## [Task directions]
Please repeat only the lines below starting at the line that holds "Крыло правое переднее" and ending at the line that holds "RiverView CBD Apartment", exactly, with both of those lines included and every picture omitted.

### Extracted information ###

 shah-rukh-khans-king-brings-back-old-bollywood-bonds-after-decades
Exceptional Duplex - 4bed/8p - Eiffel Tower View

###
### Extracted information ###

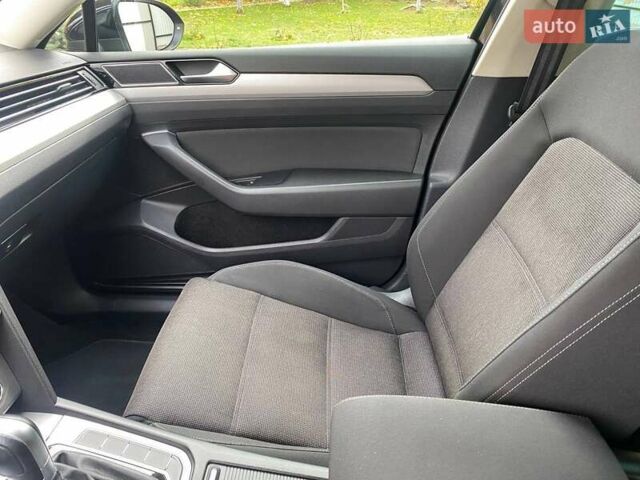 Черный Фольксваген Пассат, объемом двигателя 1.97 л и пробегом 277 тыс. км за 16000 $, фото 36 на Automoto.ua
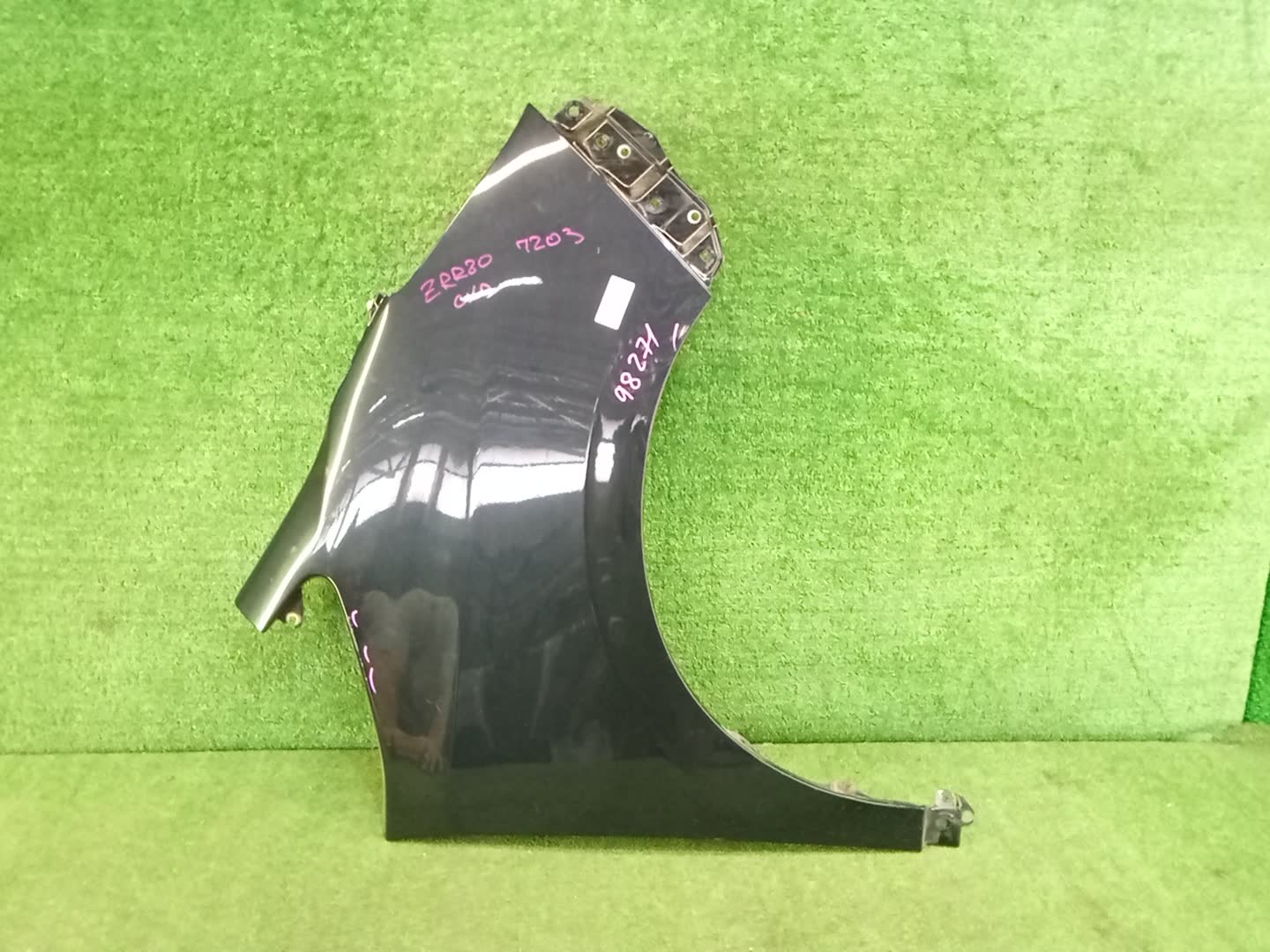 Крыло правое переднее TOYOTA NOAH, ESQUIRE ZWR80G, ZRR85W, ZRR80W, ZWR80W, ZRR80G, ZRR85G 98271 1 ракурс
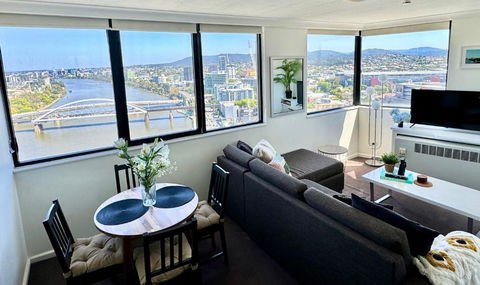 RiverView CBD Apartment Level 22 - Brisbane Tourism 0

###

## [Answer to the exercise]
 Крыло правое переднее TOYOTA NOAH, ESQUIRE ZWR80G, ZRR85W, ZRR80W, ZWR80W, ZRR80G, ZRR85G 98271 1 ракурс
 RiverView CBD Apartment Level 22 - Brisbane Tourism 0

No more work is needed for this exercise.